TASK TO CARRY OUT »
Output the data below exactly as it is, dropping the pictures from your copy.

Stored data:
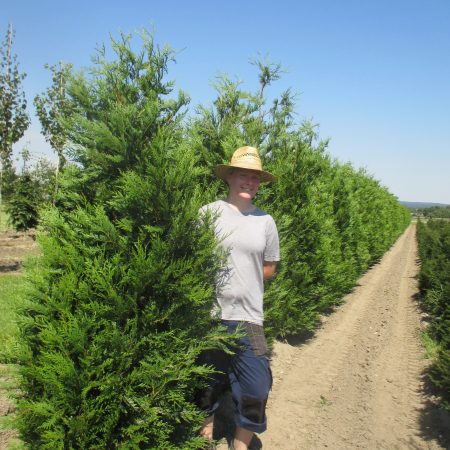 Practicality Brown | Thuja plicata Atrovirens (Western Red Cedar)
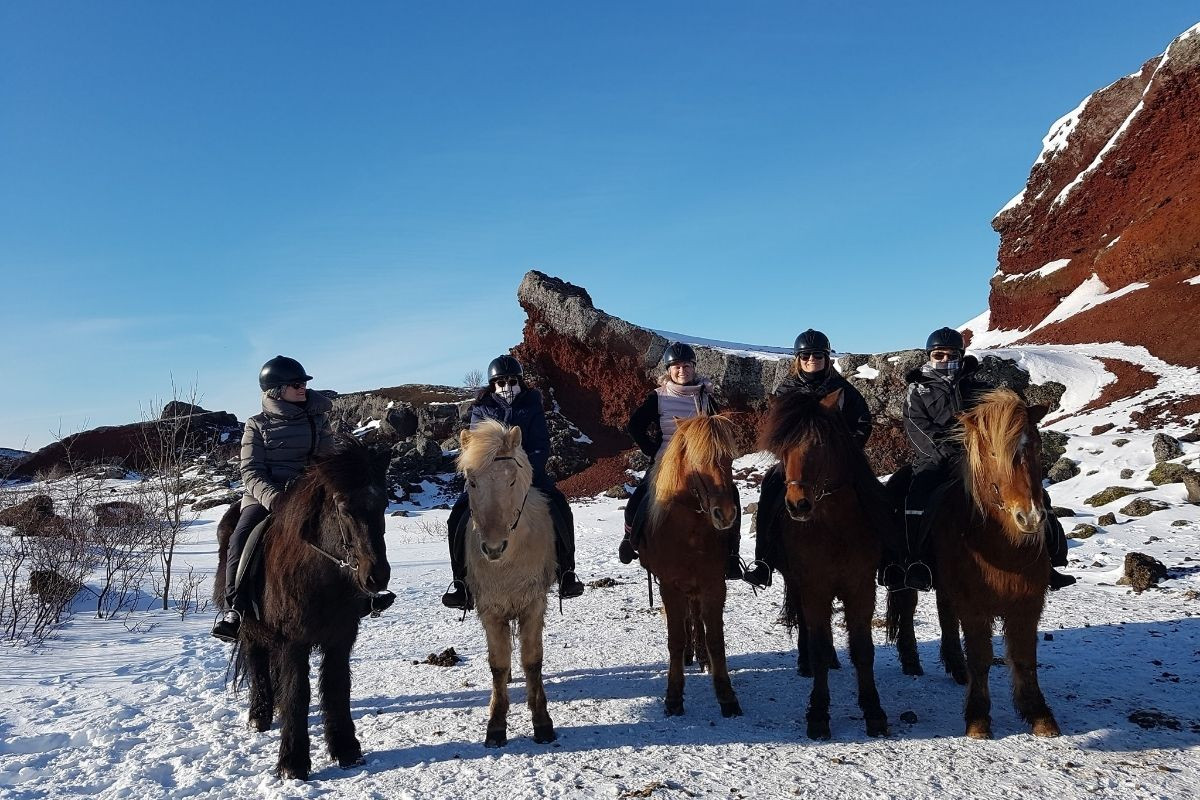The Icelandic Horse horseback-riding tour and experience in Reykjavik, recommended by Handpicked Iceland.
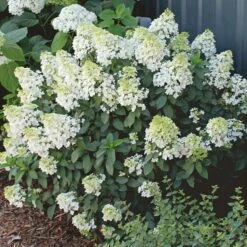 Hydrangea Paniculata Bobo® -Garden Bloomy Shop x600 13631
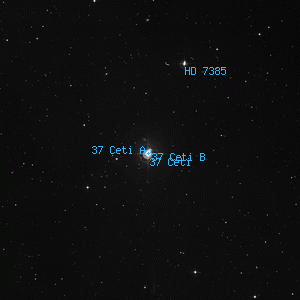DSS image of 37 Ceti B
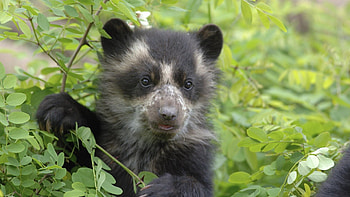 Animals, Grass, Teddy Bear, Muzzle, Climb, Bear Cub HD wallpaper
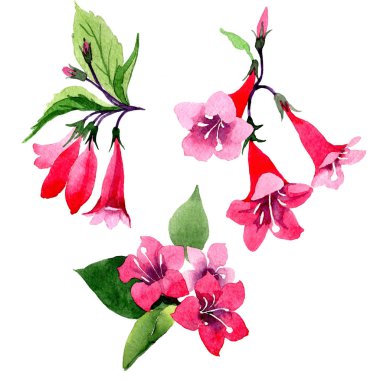 Kır çiçeği weigela çiçek izole bir suluboya tarzında.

TASK ANSWER »
 Practicality Brown | Thuja plicata Atrovirens (Western Red Cedar)
The Icelandic Horse horseback-riding tour and experience in Reykjavik, recommended by Handpicked Iceland.
 Hydrangea Paniculata Bobo® -Garden Bloomy Shop x600 13631
DSS image of 37 Ceti B
 Animals, Grass, Teddy Bear, Muzzle, Climb, Bear Cub HD wallpaper
 Kır çiçeği weigela çiçek izole bir suluboya tarzında.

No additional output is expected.